* _Task prompt_: Look for "Versailles Sofa LV01394" in the entries below. Then write out exactly the line that holds it and every line after it, to the last, and nothing else.

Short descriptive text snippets
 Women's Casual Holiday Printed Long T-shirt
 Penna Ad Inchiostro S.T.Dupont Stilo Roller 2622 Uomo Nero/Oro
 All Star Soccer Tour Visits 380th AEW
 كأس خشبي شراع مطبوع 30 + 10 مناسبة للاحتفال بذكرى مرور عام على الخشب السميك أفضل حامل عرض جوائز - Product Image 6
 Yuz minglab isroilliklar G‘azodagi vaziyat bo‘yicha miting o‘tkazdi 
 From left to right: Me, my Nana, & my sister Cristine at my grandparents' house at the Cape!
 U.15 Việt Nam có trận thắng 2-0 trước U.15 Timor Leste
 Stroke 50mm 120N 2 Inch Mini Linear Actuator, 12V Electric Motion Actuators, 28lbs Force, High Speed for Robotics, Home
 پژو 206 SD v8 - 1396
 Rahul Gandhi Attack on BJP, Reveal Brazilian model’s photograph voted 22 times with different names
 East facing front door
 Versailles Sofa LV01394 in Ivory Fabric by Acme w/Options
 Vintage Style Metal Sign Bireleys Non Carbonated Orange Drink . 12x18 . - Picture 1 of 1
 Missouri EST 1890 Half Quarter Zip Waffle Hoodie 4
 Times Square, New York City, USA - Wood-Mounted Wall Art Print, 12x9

* _Task response_:
 Versailles Sofa LV01394 in Ivory Fabric by Acme w/Options
 Vintage Style Metal Sign Bireleys Non Carbonated Orange Drink . 12x18 . - Picture 1 of 1
 Missouri EST 1890 Half Quarter Zip Waffle Hoodie 4
 Times Square, New York City, USA - Wood-Mounted Wall Art Print, 12x9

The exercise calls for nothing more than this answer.